Will your employer downgrade your hotel in 2016 to save some cash?
Business travel accommodations are generally negotiated between corporate travel managers hotel chains long before employees ever learn they are headed to say that conference in the second fiscal quarter. With all of this back-and-forth happening well before business travel season even begins, industry analysts are privy to detailed information about trends in room rates, and even which hotels are uncoupling amenities like Wi-Fi or gym access. And already, 2016 is looking seriously pricey.
Corporate hotel rates for 2016 are poised to increase by 6.5 to 7.5%, the biggest jump since 2006 — or possibly even 1987, depending how the details shake out. The higher rates will cause many employers to set traveling employees up at lower scale hotels, or even to move activities and conferences to more affordable cities altogether. NYU professor Bjorn Hanson explains his projections:
“This forecast accounts for after negotiations, meaning if everyone stayed in the same cities and same hotels as last year this projection would be even higher. Business travelers are thinking, ‘we think we did a great rate negotiation but we realize we could have stayed at a great place at a lower price.’

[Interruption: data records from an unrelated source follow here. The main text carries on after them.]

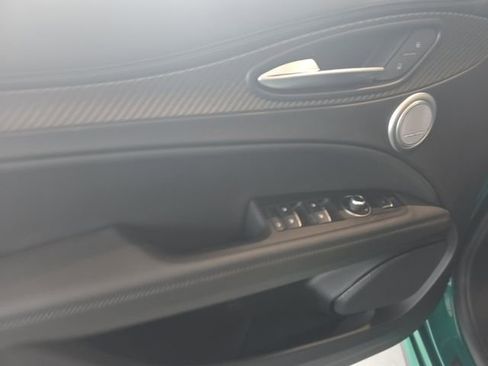 New 2024 Alfa Romeo Stelvio Quadrifoglio AWD/4WD image 17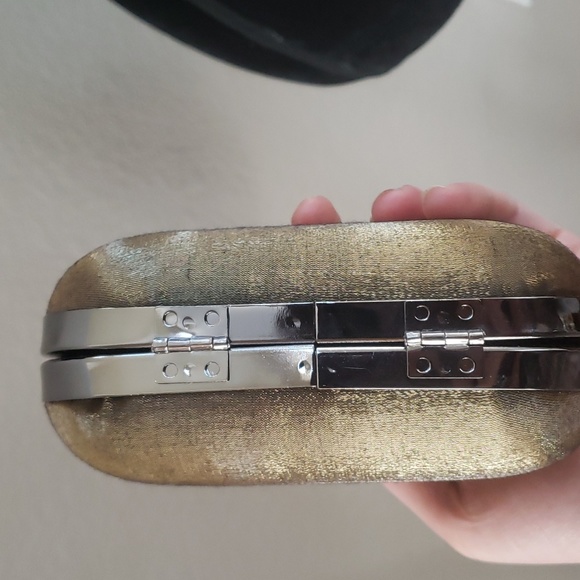 Vintage Silk clutch purse with chain - Picture 8 of 9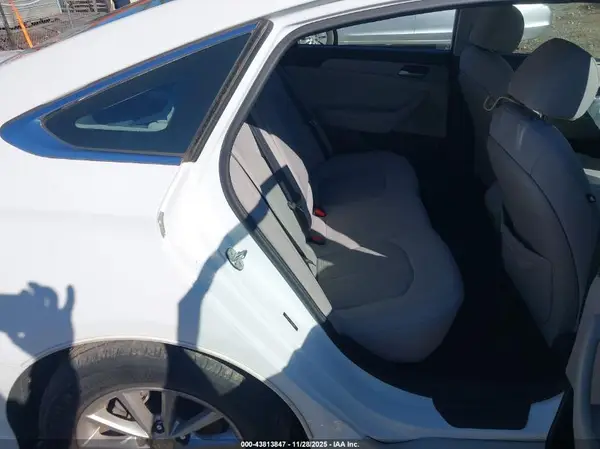 5NPE24AF4JH694867 2018 HYUNDAI SONATA - Image 8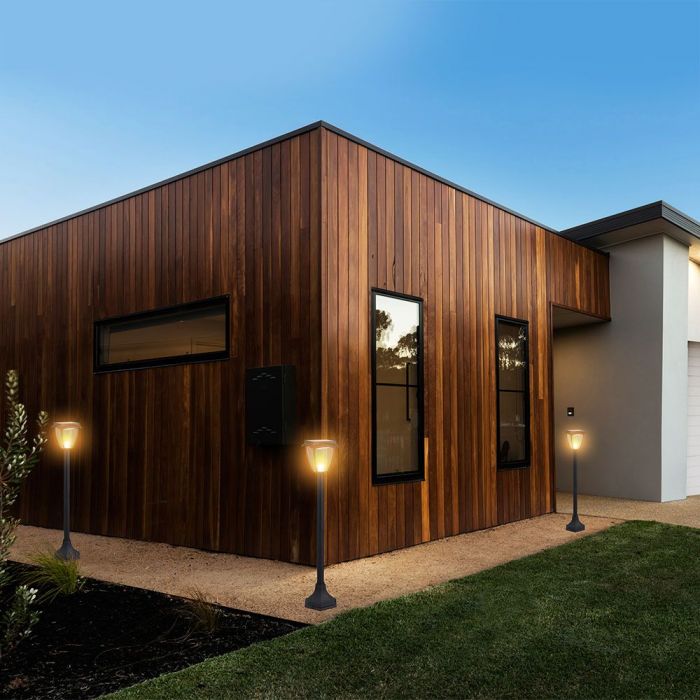 OUTDOOR SOLAR LIGHTS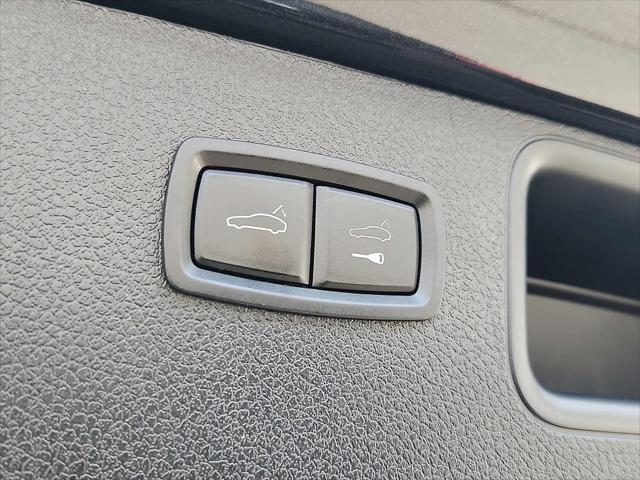 2024 Porsche Macan T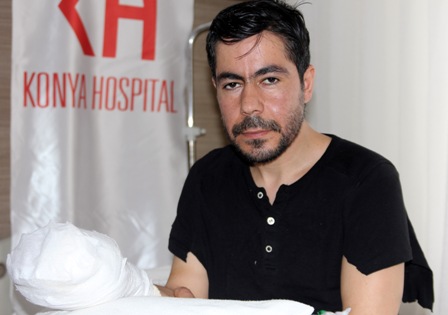İşçinin kopan parmağı yerine dikildi
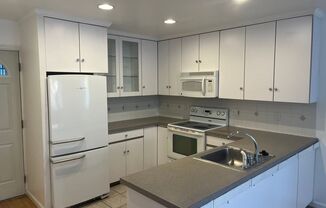 2 beds, 1 bath, $1,875, Unit 1st Floor - 700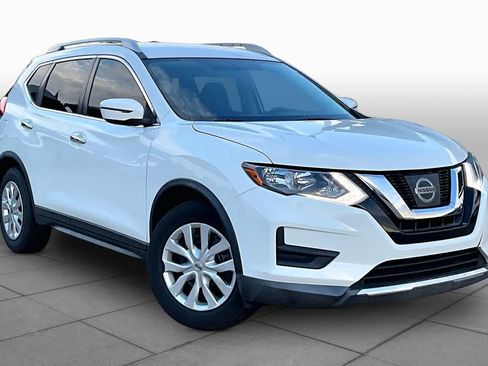 Used 2017 Nissan Rogue S w/ Appearance Package FWD image 3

Fueling the surge in rates is the entire U.S. hotel industry’s booming business. Occupancy rates average 65% across the country, meaning hotels have little incentive to offer enormous discounted blocks of reservations for companies. And travel managers rightfully worry that even reaching a deal doesn’t guarantee that their companies will actually book at the agreed upon rates. Hotels, like airlines, have learned how to use blackout dates and availability limitations to ensure that they are always renting rooms for the highest possible price.